Ok, so we created DAG for Exchange and we now have Database HA/Redundancy for our Exchange server. In this guide we are going to make our OWA and Autodiscovery Highly Available in a specific way – through ARR.

This isn’t mandatory, you can make you OWA, Autodiscovery available in other ways, but the way I’m going to show you in this guide you will get some extra security and additional protection layer for your Exchange. In package with HA ofcourse.

Before we begin

This guide assumes you followed my previous guides in Exchange 2019 series. So, by now we have created DAG and have configured Exchange Server.

I have two Exchange Servers:

SBEx1 – 10.0.0.36

SBEx3 – 10.0.0.37

I have also Edge role server installed in DMZ on 192.168.50.3

Edge role is not mandatory, and this tutorial will work also without edge role server, but you have to make sure then that you have your mailflow redundant in some other way.

SBEx1 and SBEx3 are in DAG.

We want to make our Client Access Services (OWA and Autodiscovery) highly available, and there are a couple of ways we can do it.

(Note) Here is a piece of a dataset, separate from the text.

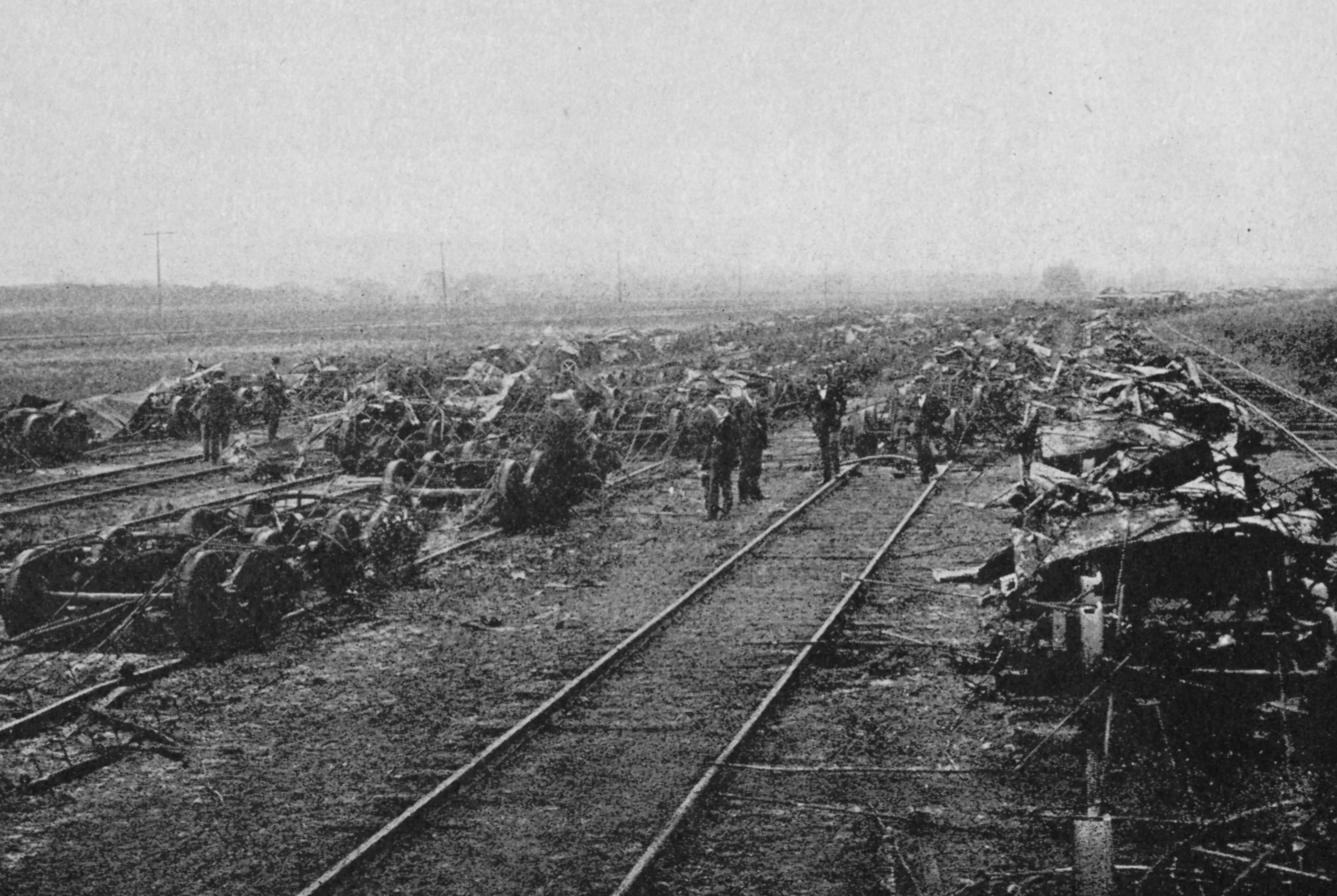 Burned freight cars lining the expanse of the Panhandle Railroad, during the Pullman Railway Union Strikes, Chicago, July 1894.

Today we are going to resolve this using IIS ARR (Application Request Routing) – https://www.iis.net/downloads/microsoft/application-request-routing

Prerequisites

Both DAG servers should already have configured external links for virtual directories.

In this example I will take OWA and autodiscovery links.

OWA link https://mail.informaticar.net/owa

Autodiscovery – https://autodiscover.pismonosa.net

Your links may be different (for example owa.informaticar.net) so make sure you adapt these links to actual links you are using in your environment!!

Also make sure that you already have your wildcard certificate set for these services on both Exchange Servers.

For ARR I will install new virtual machine and put the machine into DMZ network. My ARR machine is not part of the domain.

VM ARR1 – 192.168.50.6

I’m also using DNS for ARR1 machine from my DC inside LAN (10.0.0.31). I will not go into details about DNS, but it is extremely important for ARR that it can resolve DNS of Exchange servers properly, especially since in my case ARR1 is not part of domain, but inside DMZ network.

ARR VM is based on Windows Server 2019 Standard.

Since my Exchange DAG is inside LAN – 10.0.0.xx network, I need to make sure (and you also) that port 443 can reach from DMZ to LAN and vice versa. I have HTTPS generally opened from both networks, so it is not going to be a problem.

Install IIS in ARR1 machine. This is my IIS setup

Next, make sure you imported your SSL certificate to ARR VM (same wildcard you use for your Exchange) – I’m going to import my wildcard certificate into IIS on ARR VM and make it default for port 443 on Default Web Site

Install Web Platform Installer for IIS from here:

https://www.microsoft.com/web/downloads/platform.aspx

It will make our life easier when we start this guide.

We are going to install Web Platform Installer for our installation – if for some reason you wish to install ARR other way, make sure you install URL Rewrite and External Cache first into IIS.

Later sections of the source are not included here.